DATA RECORDS →
++++++++++++++++++++
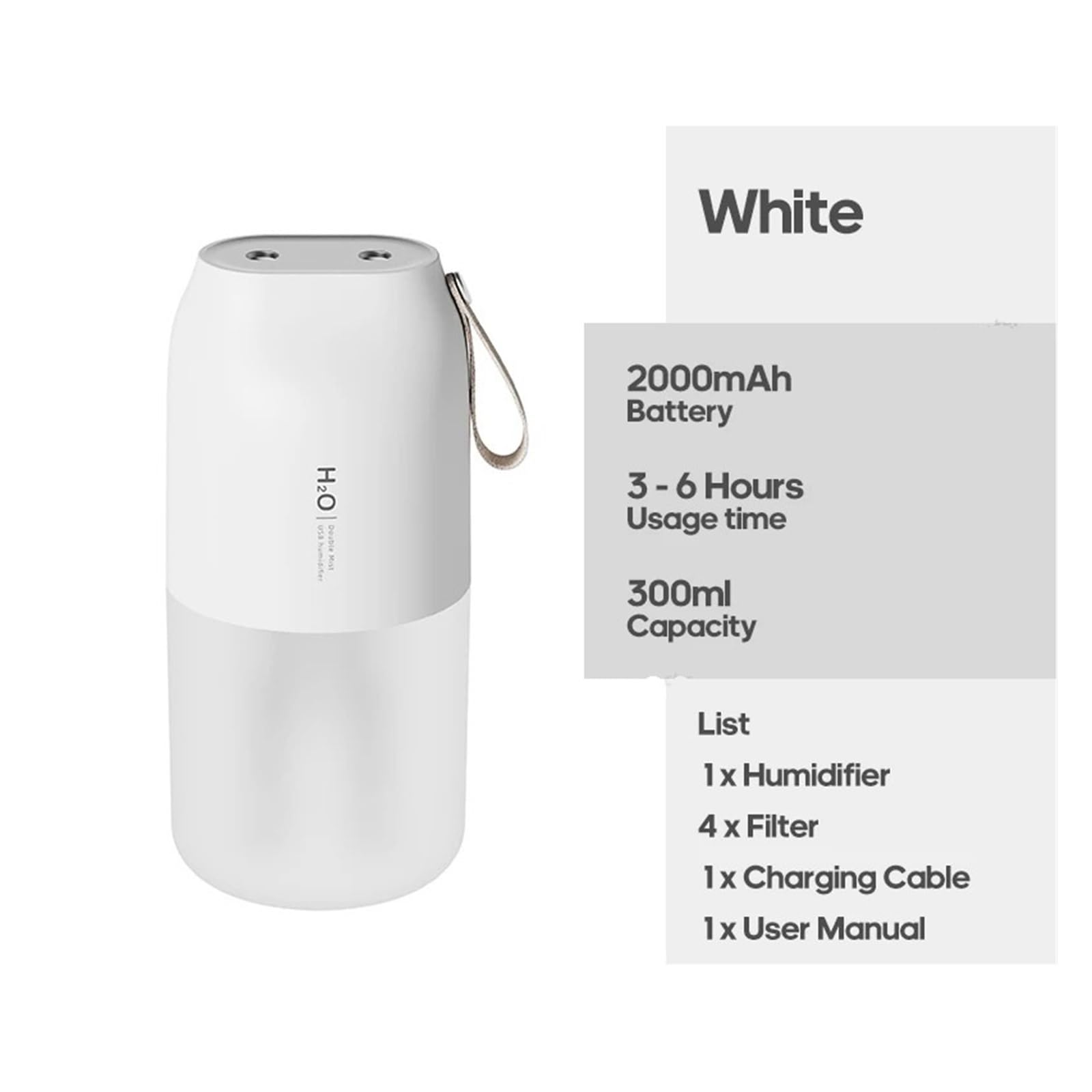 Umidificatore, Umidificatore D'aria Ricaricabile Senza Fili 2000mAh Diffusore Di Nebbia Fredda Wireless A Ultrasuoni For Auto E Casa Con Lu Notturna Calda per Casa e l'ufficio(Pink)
++++++++++++++++++++
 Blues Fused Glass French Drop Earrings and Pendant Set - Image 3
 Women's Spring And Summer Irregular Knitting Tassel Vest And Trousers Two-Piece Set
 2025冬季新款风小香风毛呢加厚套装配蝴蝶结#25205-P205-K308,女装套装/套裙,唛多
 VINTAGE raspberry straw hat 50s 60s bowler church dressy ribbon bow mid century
++++++++++++++++++++
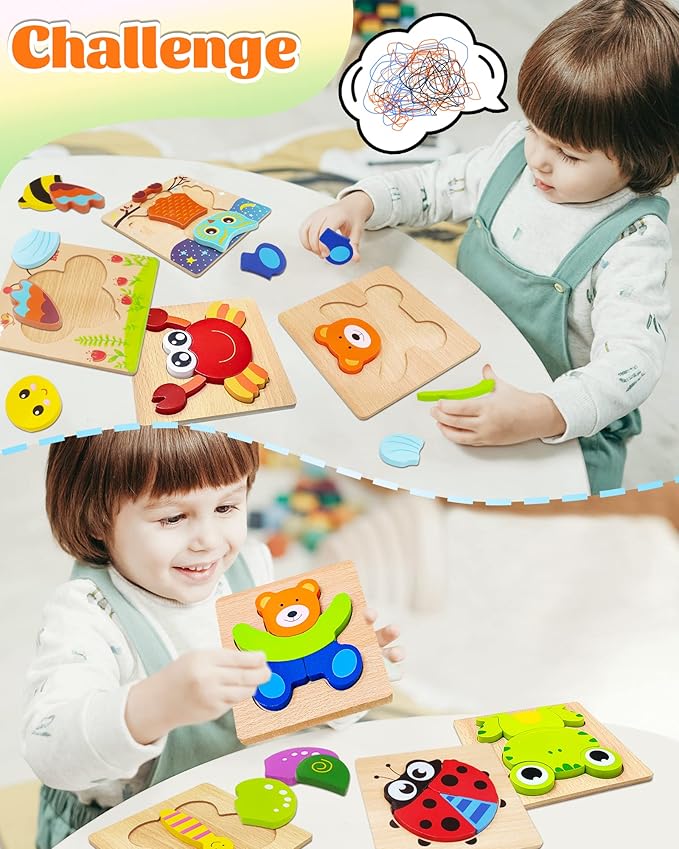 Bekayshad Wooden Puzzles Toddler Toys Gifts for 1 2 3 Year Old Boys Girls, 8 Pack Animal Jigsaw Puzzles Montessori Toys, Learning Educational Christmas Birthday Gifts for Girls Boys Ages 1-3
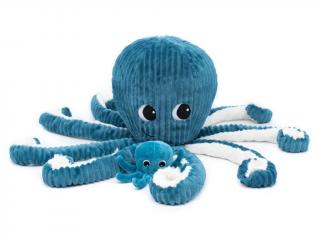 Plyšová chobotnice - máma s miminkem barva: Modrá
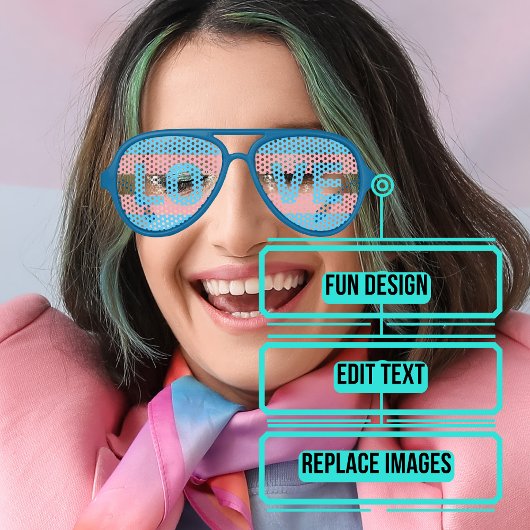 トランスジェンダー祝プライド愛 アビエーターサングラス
++++++++++++++++++++
THE PROBLEM → Transcribe each line of the data above, unaltered, from the one where "2025冬季新款风小香风毛呢" appears to the one where "VINTAGE raspberry straw" appears, inclusive of both.

SOLUTION TO THE EXERCISE →
 2025冬季新款风小香风毛呢加厚套装配蝴蝶结#25205-P205-K308,女装套装/套裙,唛多
 VINTAGE raspberry straw hat 50s 60s bowler church dressy ribbon bow mid century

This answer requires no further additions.